Money could still be bought, from the right providers, if one was willing to pay a premium. That premium was far too expensive for many lenders, so they simply stopped lending. And thus it begins. Recession I refer to. In stepped the Rudd Labor Government to support those banks and financiers which, of necessity, sourced their funds from overseas, offering an Australian Government Guarantee backing the purchase of debt instruments by foreign banks & lending houses. That guarantee remains in place today as the debt instruments backed by that guarantee, in many instances, still exist. Not only do they exist, but many, many others which have matured are retained in the register as contingent liabilities. Any banker worth his salt knows that a Guarantee has a life beyond its expiry because that life may be impinged upon by factors unrevealed by the Beneficiary or unknowable to the Guarantor. I encourage any who don’t understand this register to view it. For example, this instrument, taken out in 2010, maturity date of 2015 in the sum of $550,000,000 backing the purchase of those monies by the Bank of Queensland. Note the cost of those funds. 90 day BBSW + 35BPS. That’s the 90 day Bank Bill SWap rate plus 35 basis points, or 0.35%. Those funds came out of Europe, Probably a German Bank. BBSW is defined rather well in this article. Now have a look at this instrument, taken out by the Commonwealth Bank of Australia in 2009, the height of the GFC, also funded through Europe. LIBOR plus 22 basis points. LIBOR and BBSW are similar but different forms of benchmark rate setting. The import is the same. 35 basis points for BOQ and 22 for CBA. Why? Because the CBA as a credit risk is rated higher on the credibility scale than BOQ. So flows the cost of funds in the finance world.

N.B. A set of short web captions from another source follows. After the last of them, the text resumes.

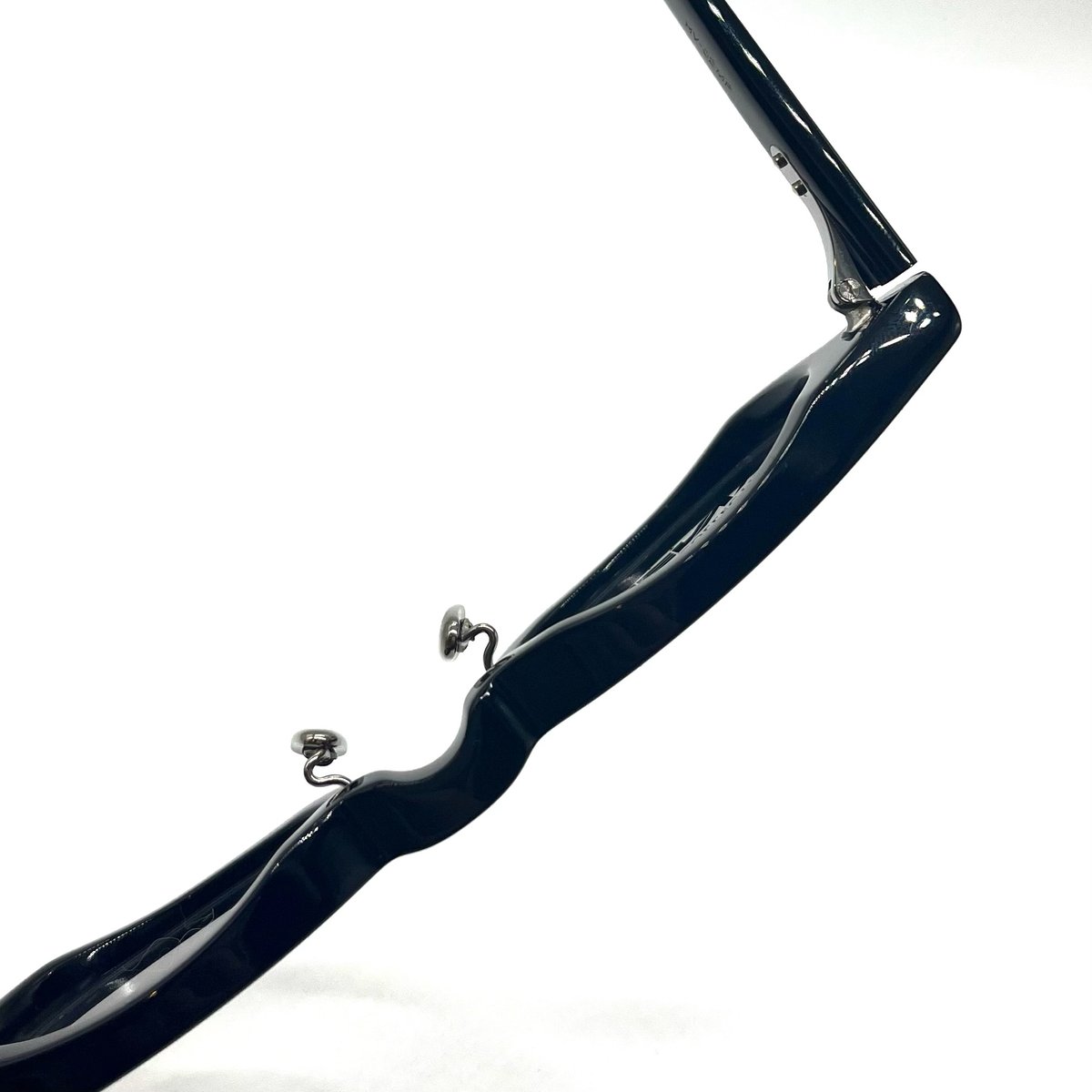 BJ CLASSIC HEAVY EDITION HV-02MP C-1 | 【眼鏡・雑貨通販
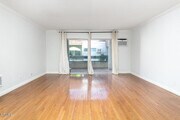 Photo - 360 S Euclid Ave Condo Unit 333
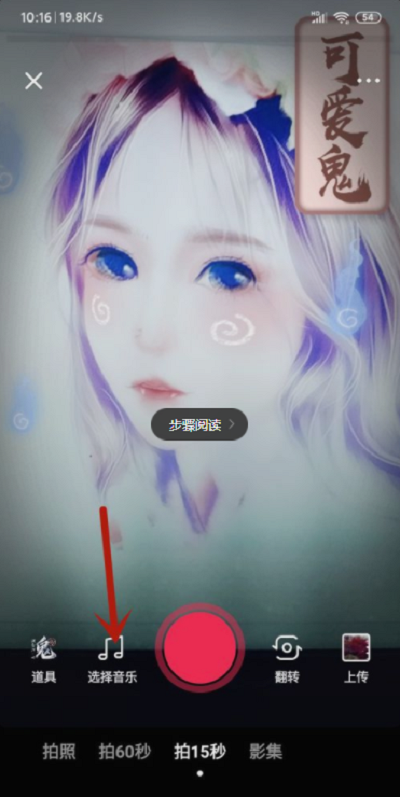ƵʲôƵ̳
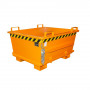 /bennes-a-fond-ouvrant/benne-bkb-vidage-rapide-capacite-1000-l-bauer-p-3372611.13-600x600.jpg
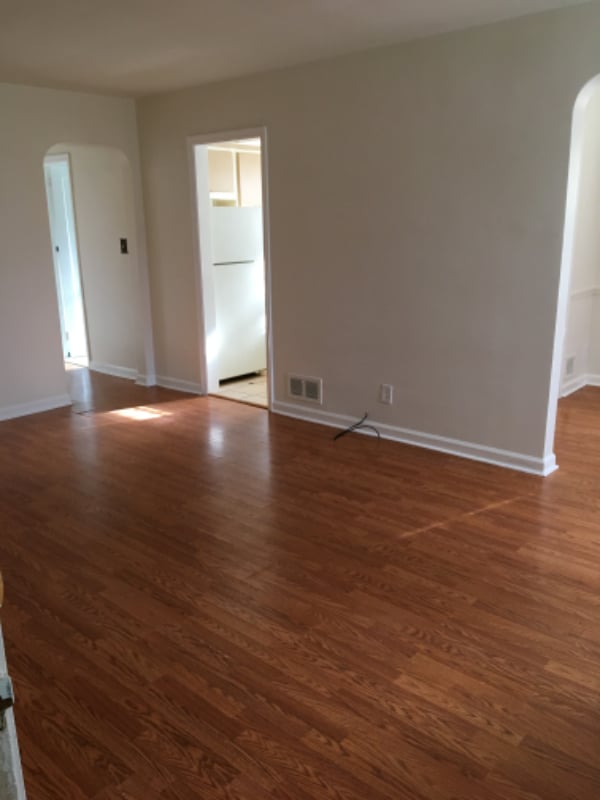 Photo - 1818 Deveron Rd Unidad A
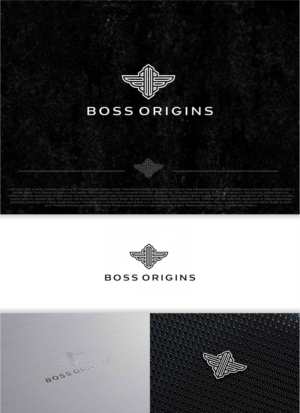 Design de Logo par artswolf pour ce projet | Design : #15574996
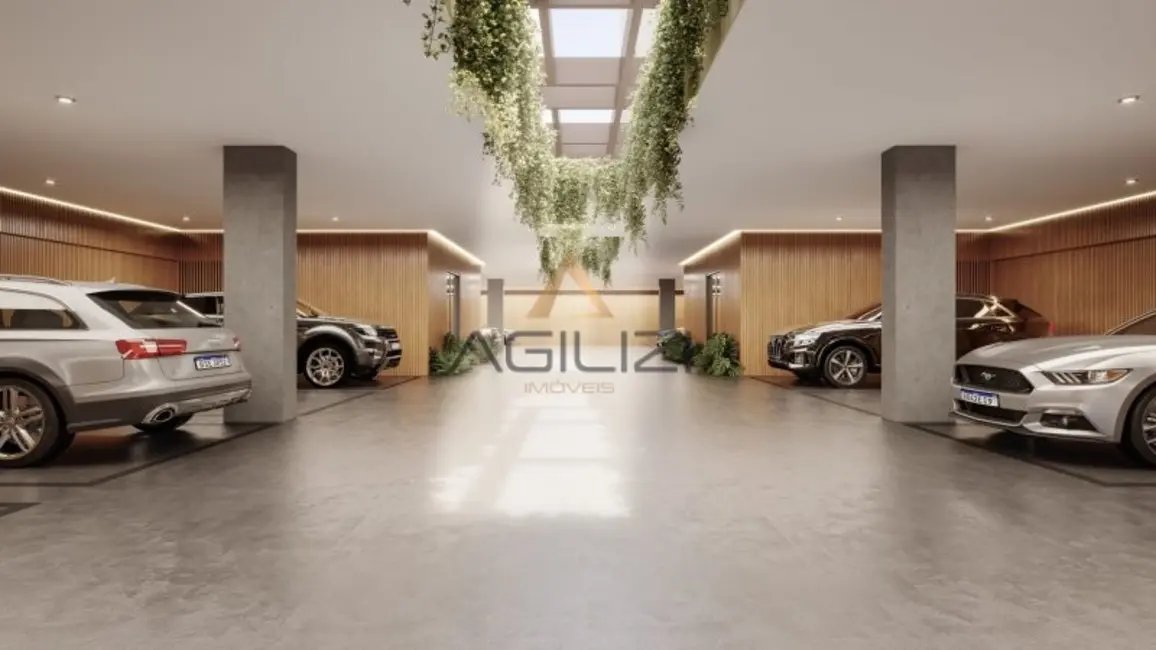 Foto 6 de Casa de Condomínio com 4 quartos à venda, 724m2 em Vila Nova Conceição, São Paulo - SP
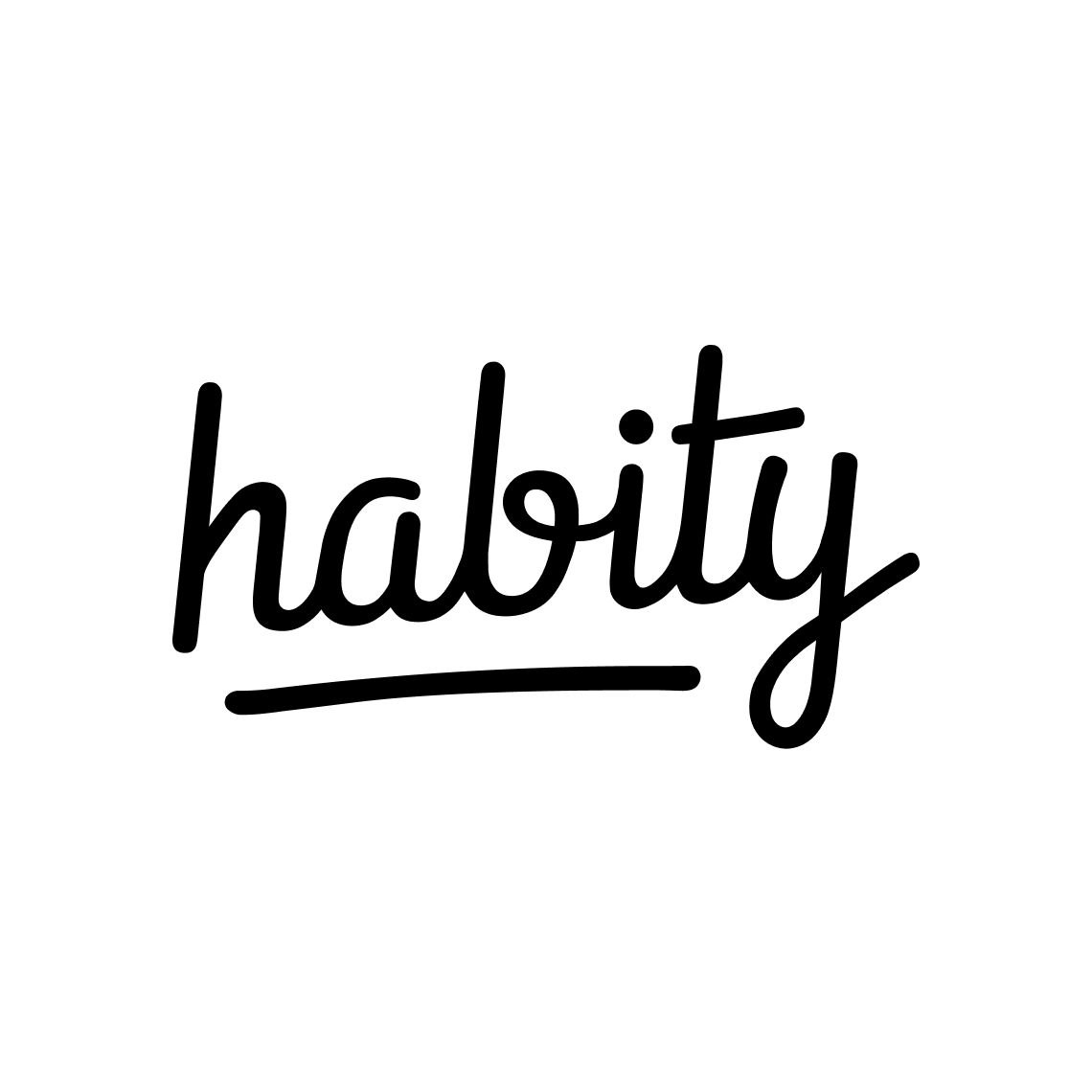 Habity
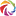 ledappear.com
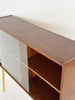 Highboard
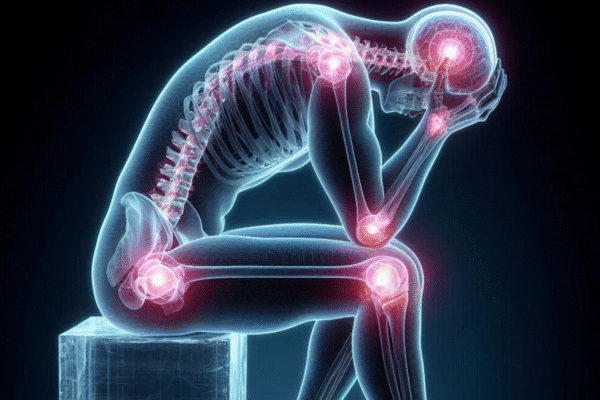 Pain Management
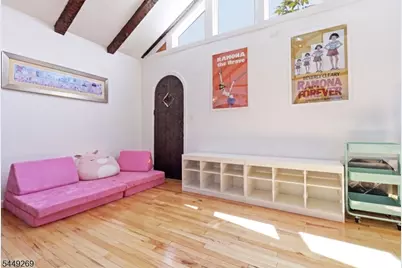 200 McCosh Rd, Clifton, NJ 07043 - Photo 11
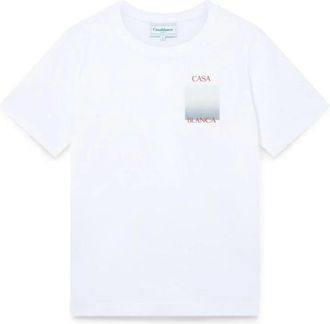 Casablanca Mujer, Camisetas, Blanco, Talla: M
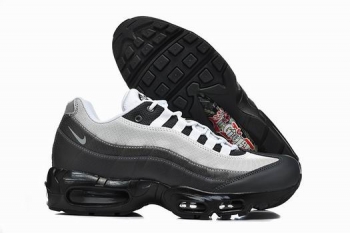 Nike Air Max 95 shoes cheap for sale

So, money became, and remains, tight. It still, today, costs anywhere between 20 and 30 basis points over the benchmark to buy money. This is why the Big Four in this country retained margin over what the RBA was prepared to pay for Registered Mortgage Backed Securities, or RMBS. The Australian domestic swap market is too small to sustain the majors in this country. They had to borrow overseas because that’s where the volume transactions are. It’s like a game of poker. Once you sit down at the table, you’re there until the hand is played out.
So, what has all this to do with Government stimulus programs in 2008-09? Jobs! Plainly put, the expenditure on what is now derisively labelled by conservative shills as “pink batts and school halls” saved hundreds if not thousands of jobs. Stimulus created an environment where people had work, they continued to earn incomes, they continued to spend, the great wheels of the economy continued to turn. In late 2009 early 2010 it was declared by Treasury that Australia had narrowly avoided a ‘technical recession’. For the uninitiated, a recession is defined as two consecutive quarters of negative economic growth as measured by a country’s gross domestic product. Australia’s economy displayed one negative quarter of domestic growth. This was the period during which mining companies sacked thousands of workers and mothballed – albeit briefly – many of their construction projects. These same mining companies re-hired their workforce 6 months later on entirely different contracts, where once the workers had been protected by awards. Opportunistic….much?
Bottom line being, and here I come to the thrust of this post, Keynesian economic theory is seen to work. It worked in the 1930’s for the Scandinavian countries which employed it. It worked in the seventies for Australia, the nineties when the mere mention of probable government intervention sparked optimism in domestic markets, and it has definitely been seen to function over the past 6 years. Evidence that Keynesianism holds true can be seen today in the recent decisions by European money houses to start thinking about re-capitalising Spanish banks. Europe, it must be said, has been steadfast against employing Keynesianism from a purely philosophical and cultural perspective on the part of Germany, the economic powerhouse of the EU. There comes a time though when bullets must be bitten if recession is not to lead into longer-term depression. Where does the money come from? The governments of the EU as a collective. The European Commission. Government intervention.
The GFC goes on today in this country, even though many refuse to recognise it because they’ve not been hurt by it. Australia is not called a lucky country for no reason. Economically, we are extremely lucky. Isolated to a great degree by distance and by regulation. We have probably the best run fiscal regulatory system on the planet. Why? Because socially-democratic governments interspersed in the inevitable flight to inherent conservatism provide a sense of fiscal responsibility combined with recognition of the need for a country to advance itself without reliance on external so-called free markets. Such advancement can only come from within, from taking the hard decisions when needed while looking out for those who are the drivers of prosperity. The common man & woman working for the betterment of themselves and their fellows. Thus endeth this lesson.